Jenny Aloni (NL 800)

About the per­son

The writer Jenny Aloni was born Jenny Rosenbaum on 7 September 1917 in Paderborn, where she began writing at a young age. Reflecting on her identity as a Jew, but also as a woman and as a writer in a contemporary context, determined Jenny Rosenbaum's literary career, which began in her youth. After experiencing anti-Semitism and marginalisation, she turned to Zionism as a teenager. As a 17-year-old, she left the Catholic "Oberlyzeum St. Michael" in the spring of 1935 to prepare for emigration in a Hachshara camp. At the end of November 1939, at the age of 22, she was able to leave Nazi Germany and emigrate to Palestine.

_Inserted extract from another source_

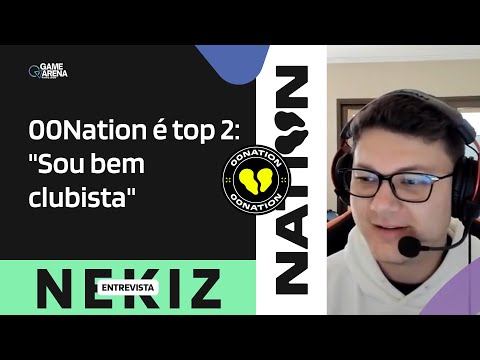 NEKIZ FALA SOBRE TOP 3 COM FURIA, 00NATION E MIBR! - Entrevista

The new beginning in a foreign country was not easy. The experience of loss, loneliness and foreignness have a noticeable influence on her diary entries and her poems, which form the focus of her literary work at this time. However, as a Zionist, Jenny Rosenbaum came to Palestine with the firm intention of integrating and actively participating in the establishment of the Jewish state. At the same time, Jenny Rosenbaum was constantly worried about her relatives living in Germany, who were being persecuted by the Nazis. When Jenny Rosenbaum learnt of the death of her parents and sister after 1945, the worry was replaced by a heavy sense of guilt - the guilt of having survived. This confrontation continued to accompany her life and writing. Later stories such as "Kristall und Schäferhund", "Begegnung" and "Die braunen Pakete" deal with National Socialism and its after-effects.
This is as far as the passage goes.